Modular Programme – Data Analytics
Programme Summary
This modular course is intended for the candidates who would like to learn to store, manage, process and analyse massive amounts of unstructured data for competitive advantage, select and implement the correct Big Data stores and apply sophisticated analytic techniques and tools to process and analyse big data. It establishes a strong working knowledge of the concepts, techniques, and products associated with Big Data.
The course provides an overview of how to plan and implement a Big Data solution and the various technologies that comprise Big Data.

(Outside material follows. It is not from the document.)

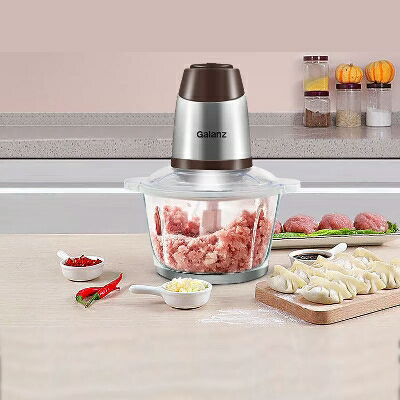 galanz/格兰仕 wj2001家用电动不锈钢小型多功能搅菜绞肉机打馅晒单图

Many examples and exercises of Big Data systems are provided throughout the course. The programming examples are in Java but the primary focus is on best practices that can be applied to any supported programming language.
Those completing this course will be encouraged to take an accreditation test on Hadoop’s Big Data to obtain a professional certification at any time of their convenience.
Topics Covered
This modular course contains the following topics
- Introduction to Big Data
- Storing Big Data
- Processing Big Data
- Tools and Techniques to Analyze Big Data
- Developing and Implementing a Big Data Strategy
Duration
Full Time: 5 days
Course Objectives
At the end of the course, candidates will learn the following:
- An overview of Big Data
- Know what is Hadoop
- The basic Hadoop architecture
- The features of the Hadoop Distributed Filesystem (HDFS)
- The full MapReduce flow
- Know how to write a MapReduce job in Java
- Submitting a MapReduce job in the Hadoop cluster
- The basic and advanced MapReduce API
- Optimizing MapReduce jobs
- The common MapReduce Algorithms
- The different Hadoop Ecosystem Tools
- Data management using Sqoop and Flume
- Basic Programming with HBase
- The basics of writing a Pig Latin Script
- The different Hive commands
- Importance of HCatalog
- Writing Oozie workflows
Candidates will work through the following lab exercises using the Hadoop Data Platform:
- Data manipulation using the HDFS command-line interface (CLI)
- Writing and running a MapReduce job in Java
- Using Eclipse to speed up MapReduce development in Java
- Testing MapReduce jobs using the MRUnit Test and LocalJobRunner
- Practicing the common MapReduce Algorithms
- How to optimize MapReduce jobs
- Importing data from MySQL to HDFS using Sqoop
- Split and join datasets using Pig
- Data manipulation using Hive
Module Outline
Core Modules:
Computing Environment | The current mix of computing resources and demands that motivates use of a technology like Apache Hadoop |
Hadoop Distributed File System | How files are stored and managed in HDFS; the infrastructure that supports HDFS |
MapReduce | The phases of execution and framework for running a MapReduce job. Expected properties of job runs based on number of mappers, number of reducers and distribution of data |
Hadoop API | The Java classes that make up the API for developers who wish to write Apache Hadoop MapReduce jobs |
Hadoop Platform | The basic purpose, design and operation of tools that augment the Apache Hadoop core to make a comprehensive platform, including Hadoop Streaming, fuse-dfs, Apache Hive, Apache Pig, Apache Flume, Apache Sqoop, Apache HBase, Apache Oozie and HUE |
Delivery Format
- This modular course delivered as per the following
- Class room learning is 60 % of the duration
- Hands on tutorials is the balance 40 % of the duration
Applicable to Singaporeans/Singapore PRs ONLY
- The candidates who enrol under the Workforce Development Authority (WDA) funding program under Lithan Academy need to complete the assessments at the end of the module.
- The candidates who enrolled under Workforce Development Authority (WDA) funding program under Lithan Academy will be issued their Statement of Appointment (SOA) after successfully completing the module.